Subj : Re: not all is lost but far too much for far too long
To : Ozz Nixon
From : Rob Swindell
Date : Wed Jul 03 2019 02:44 pm
Re: Re: not all is lost but far too much for far too long
By: Ozz Nixon to Maurice Kinal on Fri Jun 28 2019 09:23 pm
> On 2019-06-28 02:01:09 +0000, Maurice Kinal -> Torsten Bamberg said:
>
> FTN Header versus actual message body conveying Unicode.
>
> When I telnet to a SQL server that speaks Unicode only, it always
> returns the following characters (pascal): #239#187#191
Using telnet to connect to services that don't speak Telnet is generally a bad idea. Use netcat (nc) instead.
> When I telnet to a web page that speaks Unicode, it too returns
> #239#187#191 plus the <!doctype html> etc.
>
>
> So... would it not stand true that systems that are posting UTF8 do the
> same introduction on the message body? Then authors *know* it
> potentially has Unicode and leave it damn well alone, and also parse it
> based upon UTF8 instead of 8bit char...

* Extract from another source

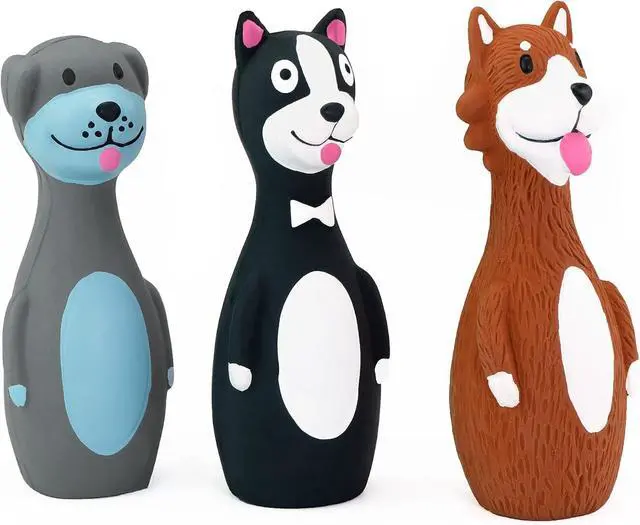 Alt view image 3 of 7 - 3PCS 5.7'' Squeaky Latex Short Standing Stick Toy for Small Dogs | Funny Animal Design,Soft Fetch Interactive Play, Indoor Outdoor Activity Training Toys,Assorted Colors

It's an idea. But that's not how *other* charsets/encodings work and certainly not how MIME-encoded messages (e.g. email) works - header fields are used instead.
> This is how I am coding things here, just based upon NexusSQL,
> PremierSQL, MS SQL, Apache and Nexus Web Service. I do not have access
> to my Oracle box nor the MySQL 5 server to see if they do the same
> during the initial connection negotiation(s).
>
> A quick google: It's the utf8 byte order mark.
That's actually a misnomer (there is not "byte order" in UTF-8). The actual unicode code point is Zero Width No-Break Space:
https://www.compart.com/en/unicode/U+FEFF
> Some editors save the
> BOM inside the file (in order to be used as a header) which regularly
> causes confusion because it is optional.
>
> So, if we wanted to help enforce at a reader (or even tosser level) how
> to handle, I would offer this up as a required BOM to the message body
> that is UTF8.
And why is that better than a header field ("control paragraph" as defined in FTS-5003) which indicates UTF-8?